3) A frantic search for safety: The price of gold spiked as investors poured money into perceived safe havens. Other popular places to stash money right now are U.S. Treasuries, the Japanese yen, the Swiss franc and even Bitcoin.

4) Cameron out: Prime Minister David Cameron, who campaigned against an exit, has announced that he will resign. Without offering a detailed timetable, Cameron said a new leader would be installed by October.

5) Appeals for calm: The Bank of England is under immense pressure to keep markets and banks operating in an orderly manner. In a statement, the central bank said it would “take all necessary steps to meet its responsibilities for monetary and financial stability.”

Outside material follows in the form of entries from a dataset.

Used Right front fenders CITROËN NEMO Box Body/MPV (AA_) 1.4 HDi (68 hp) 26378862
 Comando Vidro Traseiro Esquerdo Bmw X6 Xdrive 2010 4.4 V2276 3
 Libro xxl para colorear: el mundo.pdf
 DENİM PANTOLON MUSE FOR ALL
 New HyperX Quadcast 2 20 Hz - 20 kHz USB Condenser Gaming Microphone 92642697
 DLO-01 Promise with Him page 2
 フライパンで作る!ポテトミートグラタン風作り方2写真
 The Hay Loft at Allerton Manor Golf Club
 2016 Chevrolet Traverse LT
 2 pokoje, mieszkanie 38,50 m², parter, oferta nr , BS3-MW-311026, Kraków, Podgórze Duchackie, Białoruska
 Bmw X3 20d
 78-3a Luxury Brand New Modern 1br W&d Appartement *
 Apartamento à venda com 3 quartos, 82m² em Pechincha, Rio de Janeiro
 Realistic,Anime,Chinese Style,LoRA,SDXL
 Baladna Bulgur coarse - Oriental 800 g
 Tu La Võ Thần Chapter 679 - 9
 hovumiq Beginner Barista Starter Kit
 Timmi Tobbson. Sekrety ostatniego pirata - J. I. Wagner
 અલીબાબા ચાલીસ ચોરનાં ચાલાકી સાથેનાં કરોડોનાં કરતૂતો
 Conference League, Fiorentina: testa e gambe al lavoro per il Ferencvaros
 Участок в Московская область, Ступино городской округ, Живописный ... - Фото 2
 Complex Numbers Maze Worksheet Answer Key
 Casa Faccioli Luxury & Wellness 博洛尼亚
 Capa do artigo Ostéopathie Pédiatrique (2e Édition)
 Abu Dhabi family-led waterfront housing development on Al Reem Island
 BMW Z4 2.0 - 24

Officials and regulators in other countries around the world are also preparing for fallout. South Korea’s government called an emergency meeting, while others have called press conferences or issued statements.

The U.S. Federal Reserve said it was standing by to help as necessary.

6) How did this happen? Cameron promised voters in 2013 that he would allow a referendum on whether Britain should remain in the European Union. At the time, the chance of exit appeared to be low. But the campaign — which focused heavily on immigration and the economy — revealed deep fissures in Britain along both political and geographic lines.

7) The big questions: Britain’s decision to exit the EU has injected huge amounts of uncertainty into markets. At this point, investors have more questions than answers — will the U.K. be able to negotiate new trade deals? How long will that take? Will global banks seek to move their operations out of London?

“The U.K. government has a moral but not a legal obligation to leave. The next steps will be dictated by politics, not law,” wrote Simon Wells, HSBC’s chief U.K. economist in a note Friday.

8) The big takeaway? This isn’t a one-day event. The repercussions of the vote to leave are only just beginning, and it has the potential to upend Europe’s established political order. Buckle up!